# Computational Fluid Dynamics Questions and Answers – Incompressible Flows – Pressure Calculation

This set of Computational Fluid Dynamics Multiple Choice Questions & Answers (MCQs) focuses on “Incompressible Flows – Pressure Calculation”.

1. Which of these is a disadvantage of the Navier-Stokes equations?
a) No independent-equation for pressure
b) No independent-equation for temperature
c) No equation to find the density
d) No equation to find the velocity

Explanation: The Navier-stokes equations do not have a separate equation to find the pressure values at different points. Pressure gradients are present in different momentum equations making it a dependent form.

2. Which of these statements is true for an incompressible flow?
a) Absolute mass flux is not important
b) Absolute density is not important
c) Absolute temperature is not important
d) Absolute pressure is not important

Explanation: There is no need for the absolute value of pressure in an incompressible flow. This is because the flow is not affected by this value. But, their gradients in all the directions are important as it will affect the flow.

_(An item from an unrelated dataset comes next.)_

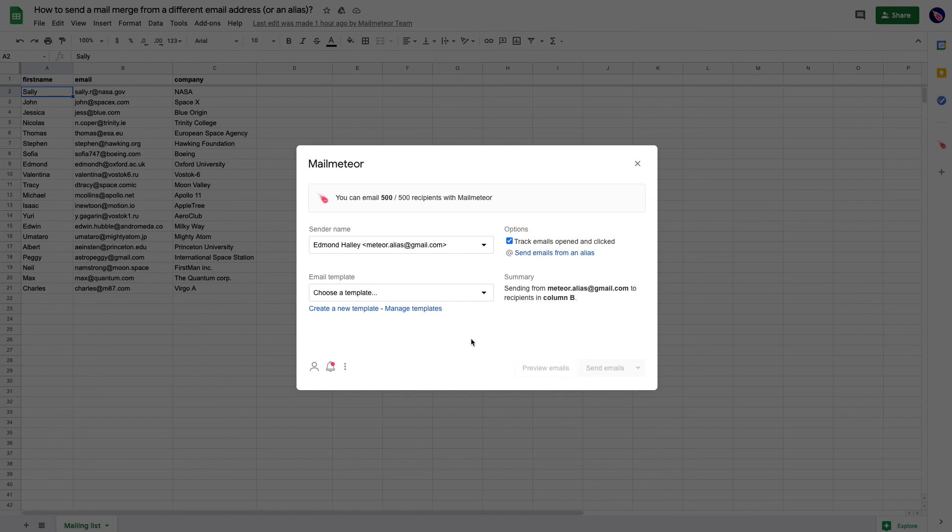To sum up, there are two main steps. First, go to your Gmail inbox and configure the alias. Then, once that's done, go back to Mail Meteor and configure the alias within Mail Meteor.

3. How is pressure calculated in a compressible flow?
a) Pressure correction equation
b) Equation of state
c) Momentum equation
d) Energy equation

Explanation: In the compressible flows, the density terms of the continuity equation do not cancel out. So, density can be determined using the continuity equation. Using this density value and the equation of state, we can get the pressure values.

4. Which of these equations are used to get the pressure values in the incompressible flows?
a) Continuity and momentum equations
b) Momentum and energy equations
c) Energy equation and equation of state
d) Equation of state and continuity equations

Explanation: The divergence of the momentum equation is taken. The equation obtained from this is then simplified using the continuity equation to get the pressure values. So, a combination of continuity and momentum equations is needed here.

5. The pressure equation for the incompressible equation is _________
a) Eulerian equation
b) Divergence equation
c) Lagrangian equation
d) Poisson equation

Explanation: The resultant equation obtained by modifying the existing governing equations to get the pressure values is a Poisson equation for pressure. A Poisson equation is a partial differential equation of elliptic type.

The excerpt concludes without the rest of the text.